S.W.: Martin Luther King.

Exactly.

G.M.: Well, you know, Steve Erickson's piece is a terrifying piece of writing because he is able to achieve a kind of suspension. There's an argument he makes about there being three Americas, the one that existed before Lincoln's second inaugural, the one that existed afterward, and the one that may have only existed in Lincoln's imagination for weeks or months. And again, it's "In this part of the story, nothing happens," it's the calling up of that void, that place that is a vortex where you can suddenly be sucked into a recognition that we are playing with fire. That when he talks about American identity, the American story, the American mission, the American obligation to live up to its own promises or confront their betrayal, those things are so big, they're so frightening, that people can run from those questions in any direction.

What Steve is writing about here is Randy Newman's "Sail Away" and "Louisiana, 1927," two songs on either side of Lincoln's great divide. You know, people have often said, "Why do you have to pick these songs apart, and why do you have to analyze them, and you put so much meaning on them, and you just destroy them by burdening them with all this significance." And here's Steve Erickson, not burdening these songs with any significance but drawing a whole version of the American story out of them. He's saying, "No, it's not a question of what you put on a song. It's a question of what you can get out of a song and what you can get out of a song is maybe 10 percent of what's in it, whatever the song is." That to me is what's going on here.

S.W.: There is a ballad language that we were out to try and rediscover. And it's a language that no one can quite put a fix on. I think that one of the problems that you might have had, Charley -- and again, I don't want to be too relevant -- is that in some ways the ballad language, the music of America, was actually sung better by the Republicans than by the Democrats. The Democrats don't know how to sing that way; it sounds very technocratic. I think it's one of the reasons why the Democrats lost, actually. Whereas, whatever you think of their politics, when George Bush talks of slavery he talks of the sin of slavery. Well, that's not a whole lot different than what Abraham Lincoln was saying. Regardless of his politics, it's a language he has, and it's that language that's in danger of being lost and we wanted to recover it.
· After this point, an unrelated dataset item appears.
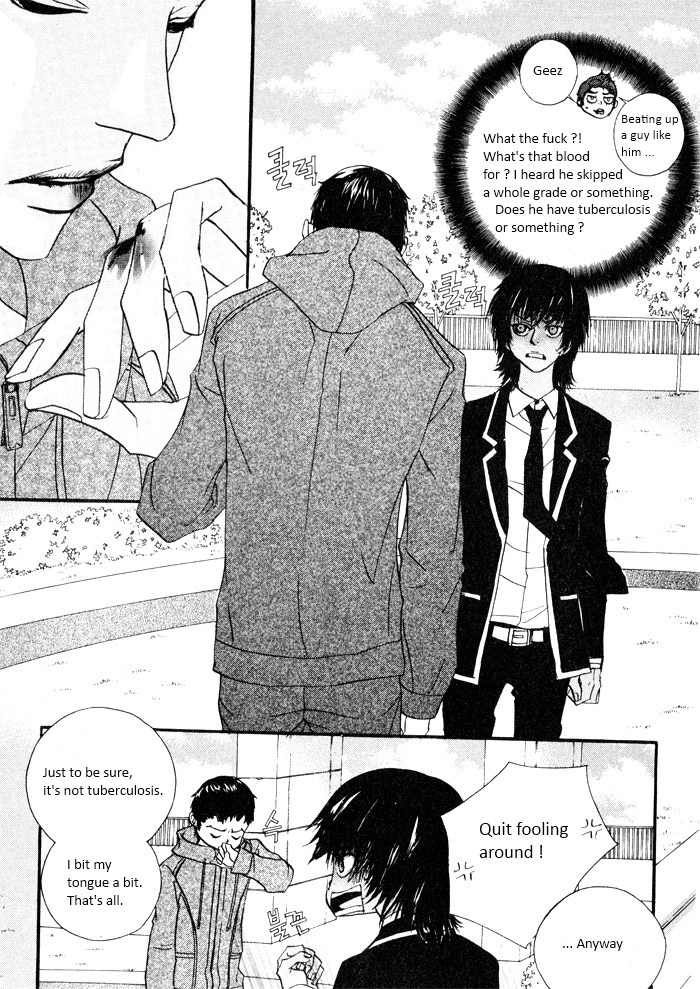 Hannune Banhada! Season 2 Vol. 3 Ch. 1 第69页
What bothered me isn't what Erickson was saying -- I liked what he was saying. What bothered me was something you're hitting on now, which is the idea that if you speak as he is speaking you are acceding to the most reactionary side of politics.

S.W.: Well, I think that's wrong ...

I do, too.

S.W.: Look, God is part of the language of America. From the first European who settled here, God was here. So let's be honest about it, what's the point in running away from it? It's there. Greil often quotes David Thomas' line, "What the ballad wants, the ballad gets." And what the ballad wants in part, some ballads, is about God, and about a life of the spirit. Indeed, it's not even just about God, it's about a Christian God, and you have to deal with that as part of the language. It's not always there, but it is there.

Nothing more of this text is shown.